Hackers are actively exploiting a high-severity vulnerability in the popular Elementor Pro plugin for WordPress, which is used by over eleven million websites.
Elementor Pro is a WordPress page builder plugin that allows users to create professional-looking websites without any coding knowledge, offering features like drag and drop, theme building, a collection of templates, support for custom widgets, and a WooCommerce builder for online stores.
This vulnerability was discovered by researcher Jerome Bruandet from NinTechNet on March 18, 2023, who shared technical details this week on how the bug can be exploited when installed alongside WooCommerce.
The issue, affecting version 3.11.6 and all previous versions, allows authenticated users, such as online store customers or site members, to modify the site settings and even take complete control over the site.
The researcher explained that the problem is related to a flawed access control in the plugin’s WooCommerce module (“elementor-pro/modules/woocommerce/module.php”), allowing anyone to modify WordPress options in the database without proper validation.
The issue is exploited through a vulnerable AJAX action, “pro_woocommerce_update_page_option,” which suffers from poorly implemented input validation and lack of capability checks.

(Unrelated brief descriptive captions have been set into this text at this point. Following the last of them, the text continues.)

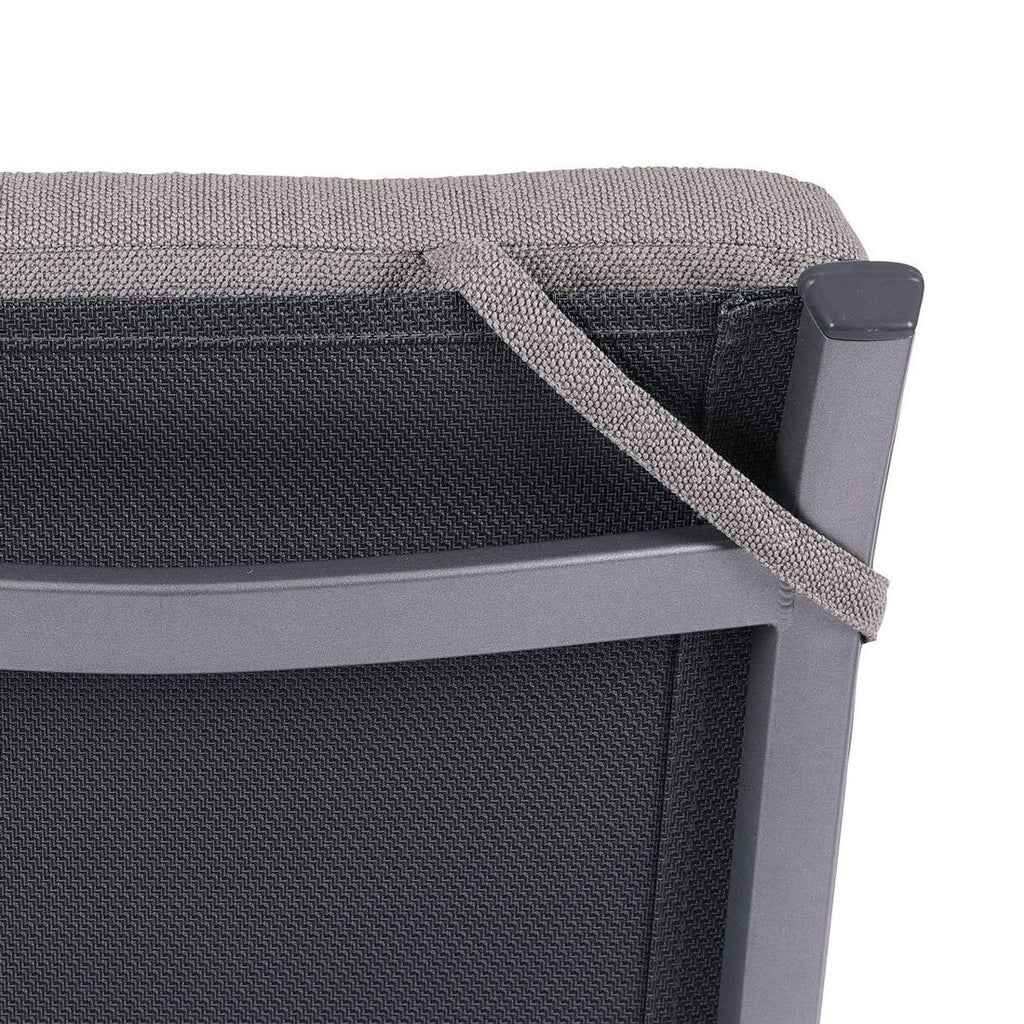 Detalj av stoff og polstring på Lavrygg stolpute 50x100 cm olefin taupe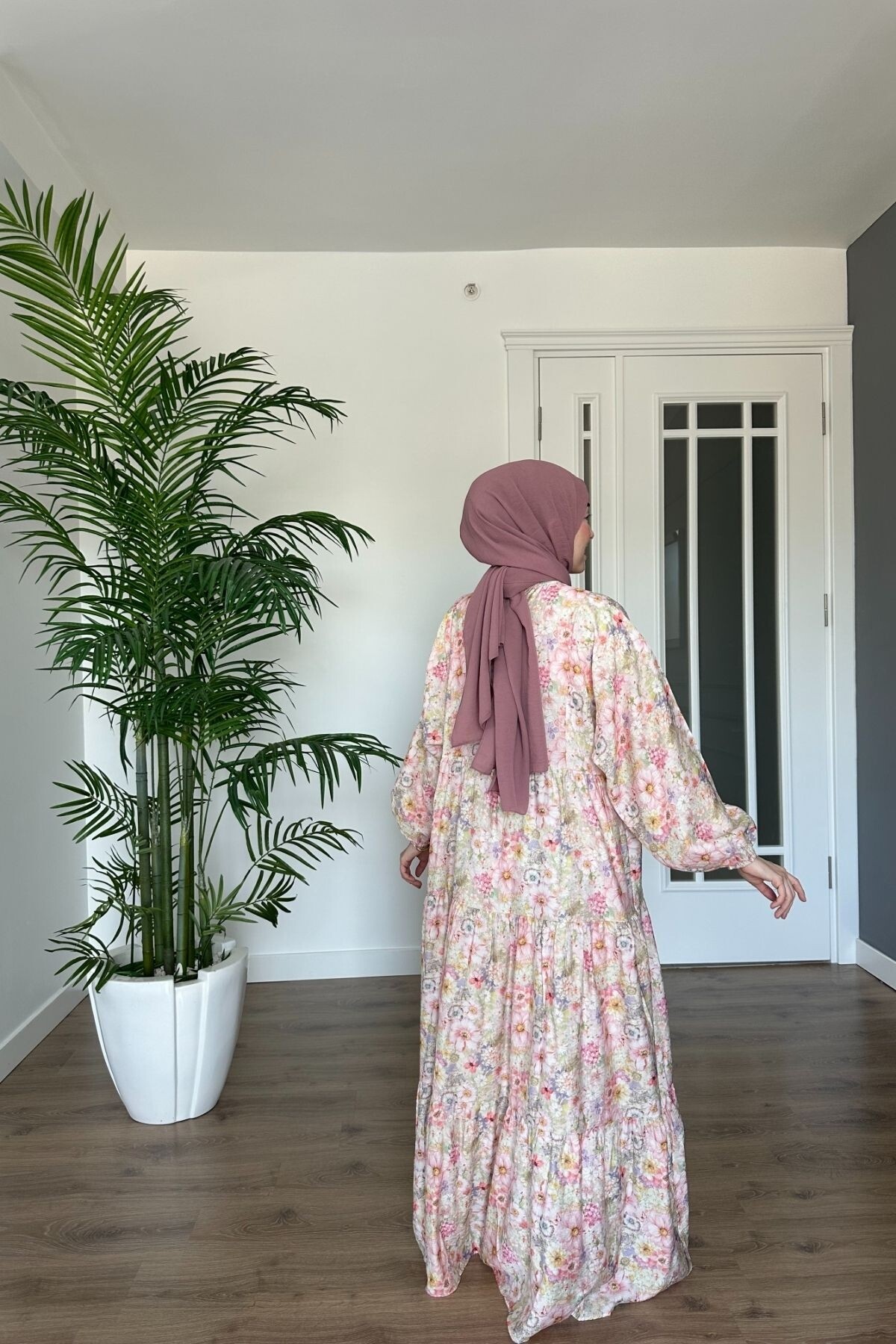 BAHAR MODEL MANGO KUMAŞ ELBİSE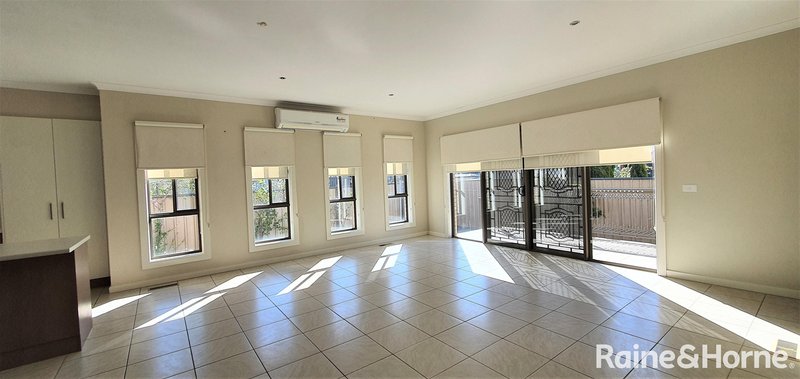 Photo - 2/177 Copernicus Way, Keilor Downs VIC 3038 - Image 5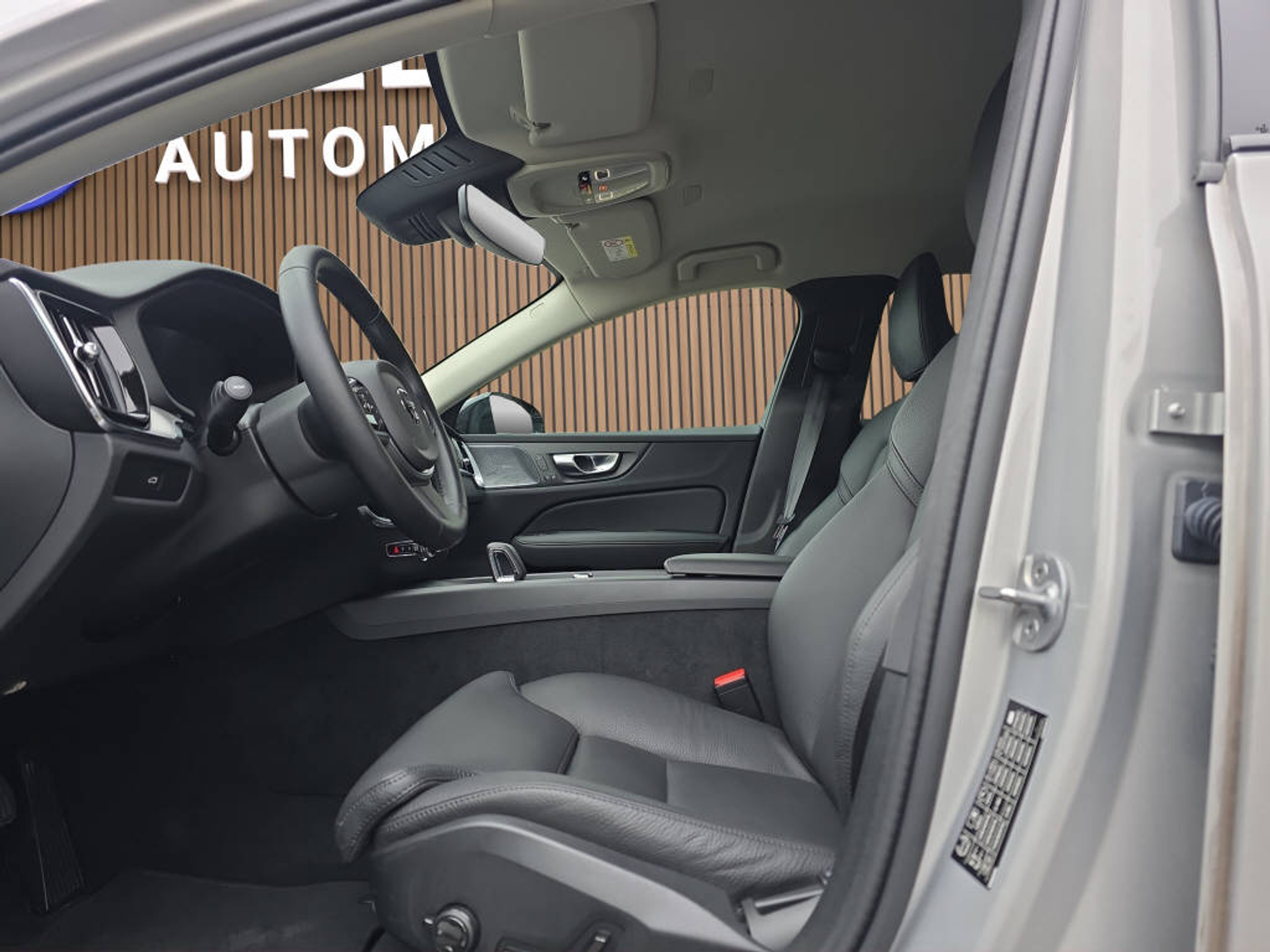 listing desktop thumbnail image 8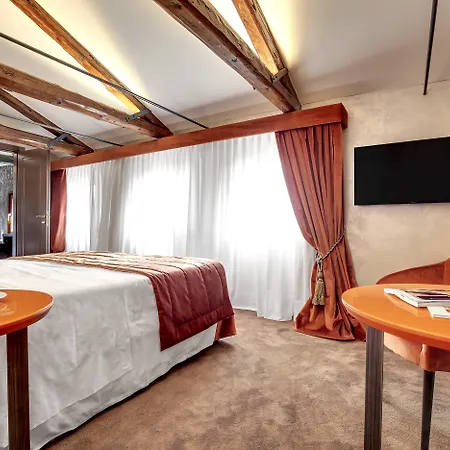 Dona Palace 4* Benátky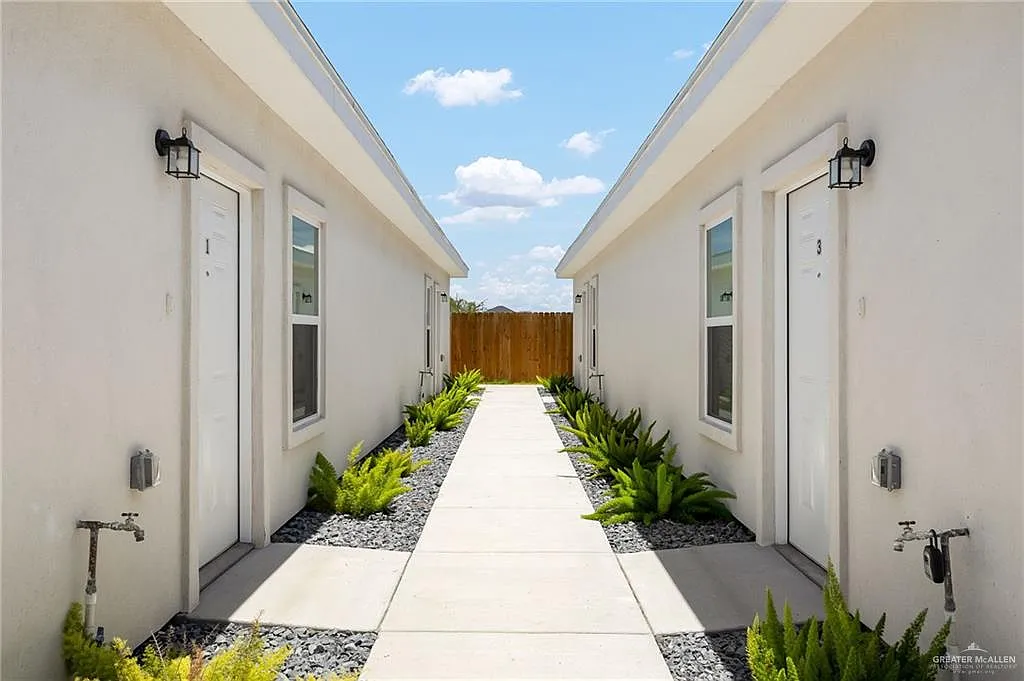 2 bed, 2.0 bath, 950 sqft, $1,250 — Photo 3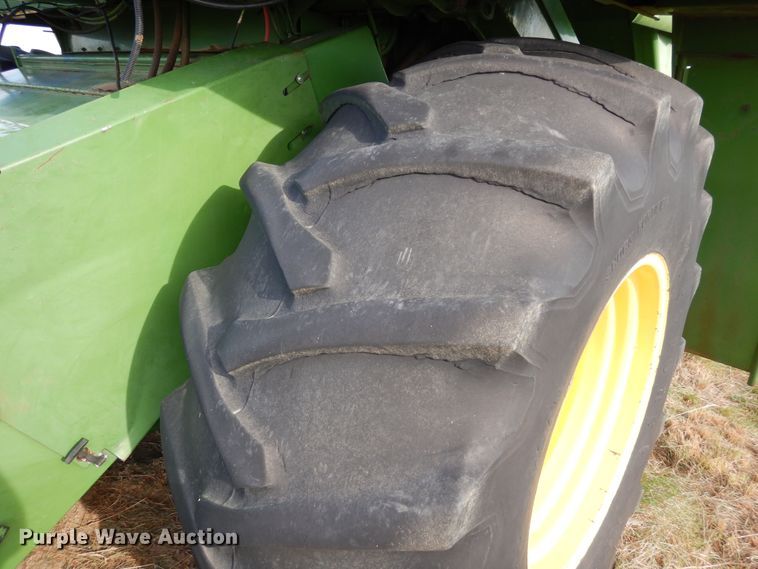 image for item DR1310 1985 John Deere 8820 Titan II  combine
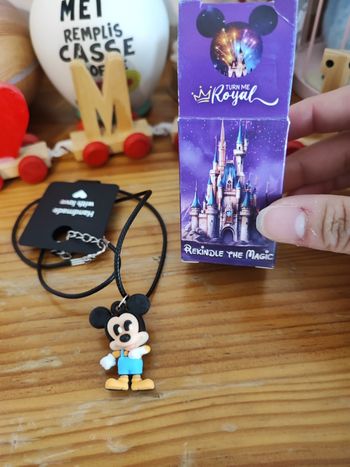 Collier Disney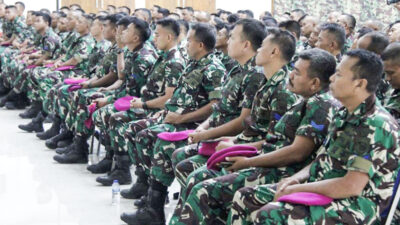 Yonif 5 Marinir Tingkatkan Kesadaran Bahaya Judi Online melalui Sosialisasi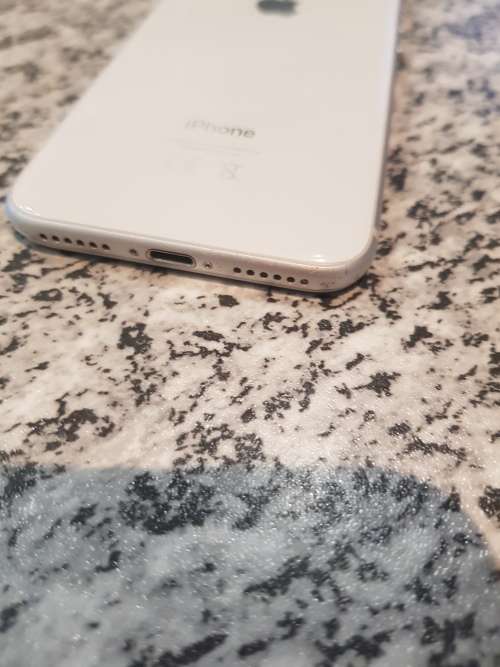 Iphone 8  ,64Gb excellent condition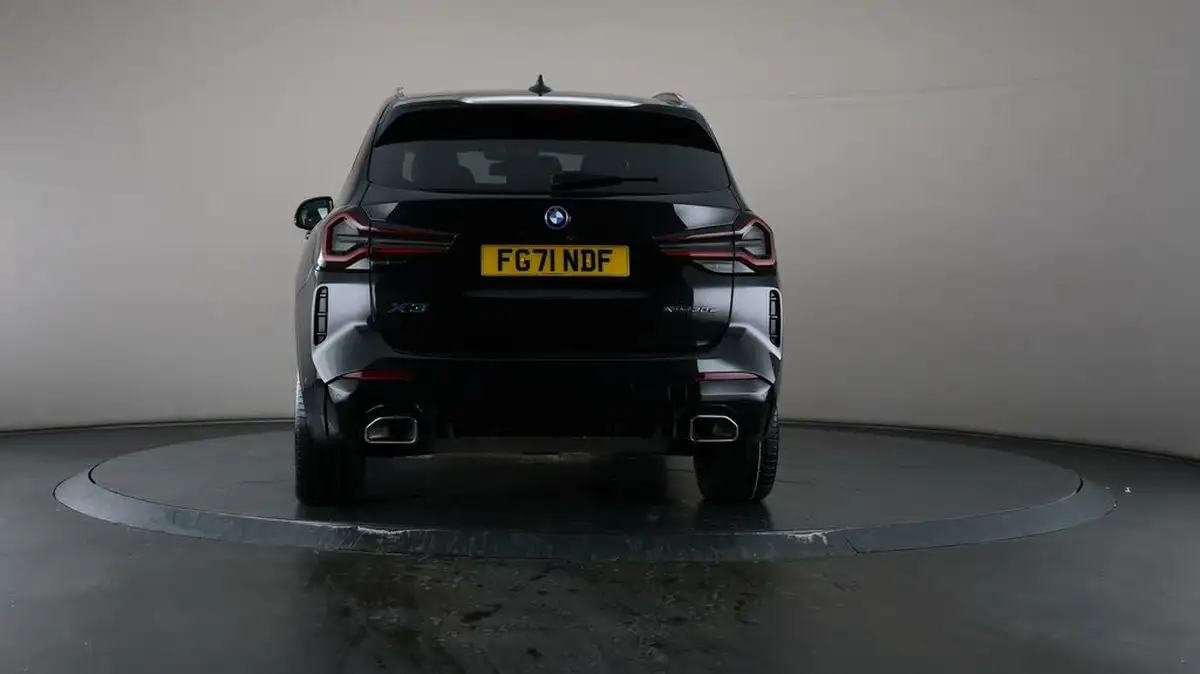 2021-bmw-x3-20-xdrive-30e-m-sport-big-28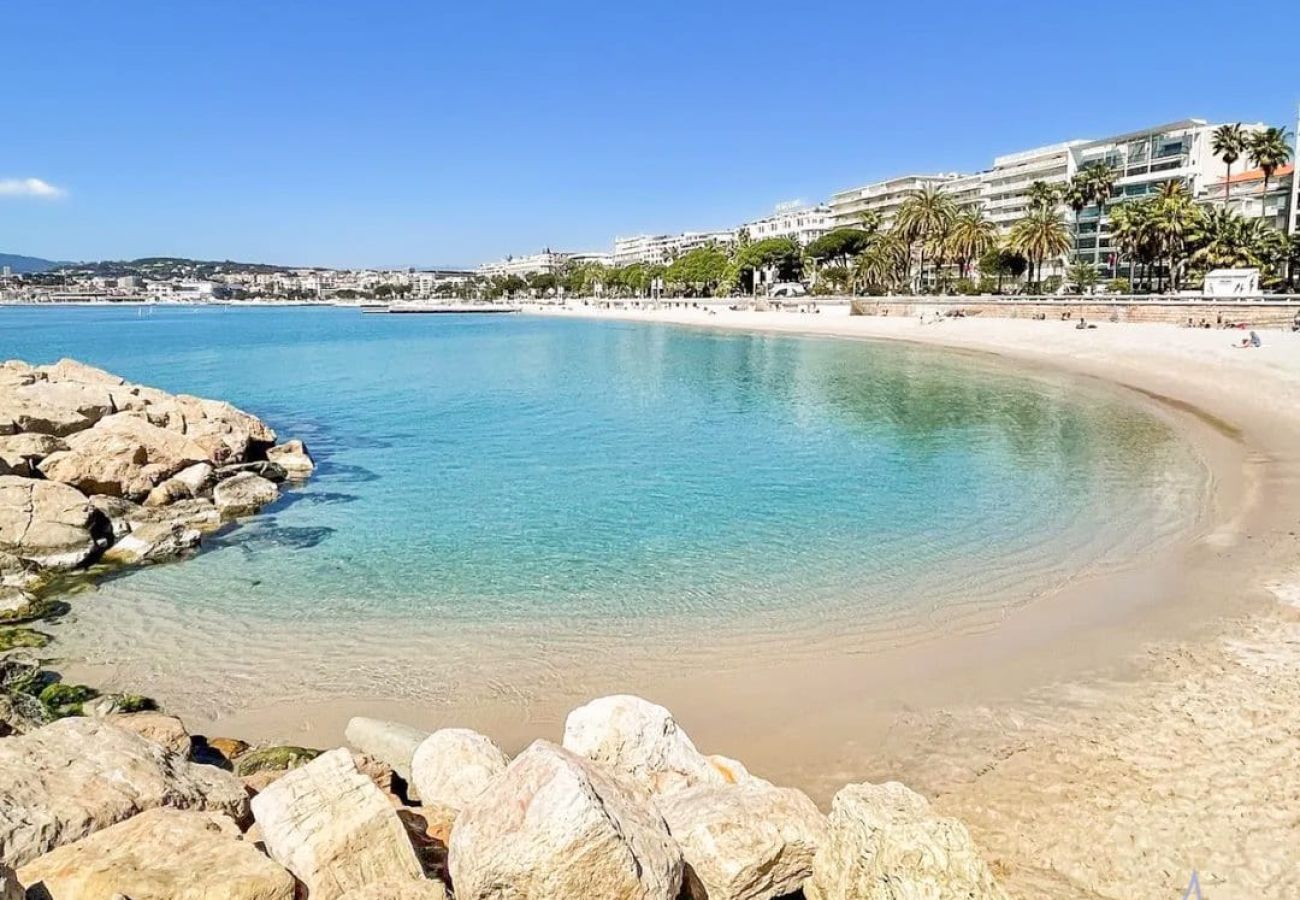 Appartement à Cannes - Grand 2P avec terrasse, parking & piscine - Cannes Montfleury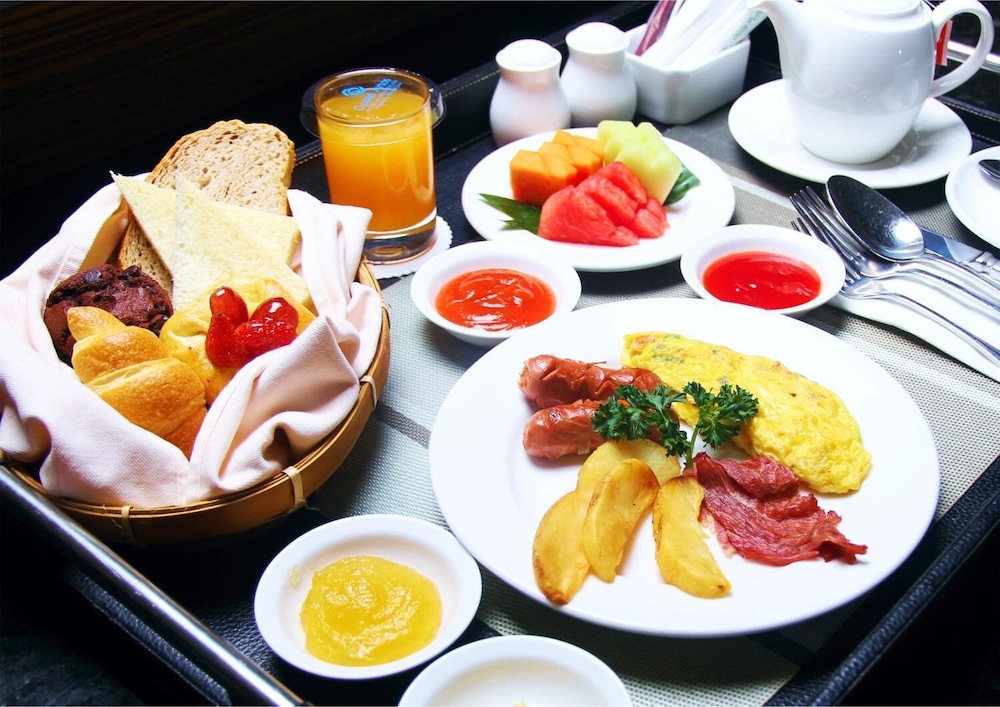 Grand Artos Hotel & Convention 45/49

“An authenticated attacker can leverage the vulnerability to create an administrator account by enabling registration and setting the default role to ‘administrator,’ change the email address of the administrator, or redirect all traffic to a malicious external website by changing the site URL, among many other possibilities,” Bruandet explained in a technical description of the bug.
It is important to note that to exploit this particular issue, the WooCommerce plugin must also be installed on the site, which activates the corresponding vulnerable module in Elementor Pro.
The Elementor plugin is vulnerable and actively exploited.
WordPress security firm PatchStack now reports that hackers are actively exploiting this vulnerability in the Elementor Pro plugin to redirect visitors to malicious domains (“away[.]trackersline[.]com”) or to load backdoors on compromised sites.
PatchStack says that the backdoor loaded in these attacks is named wp-resortpark.zip, wp-rate.php, or lll.zip. While not many details have been provided about these backdoors, BleepingComputer found a sample.
PatchStack warns that most attacks targeting vulnerable sites originate from the following three IP addresses, so it is suggested to add them to a blocklist:
If your website is using Elementor Pro, it is imperative to upgrade to version 3.11.7 or newer (the latest available is 3.12.0) as soon as possible, as hackers are already directing their attacks towards vulnerable sites.
Last week, WordPress forced the update of the WooCommerce Payments plugin for online stores to fix a critical vulnerability that allowed unauthenticated attackers to gain administrator access to vulnerable sites.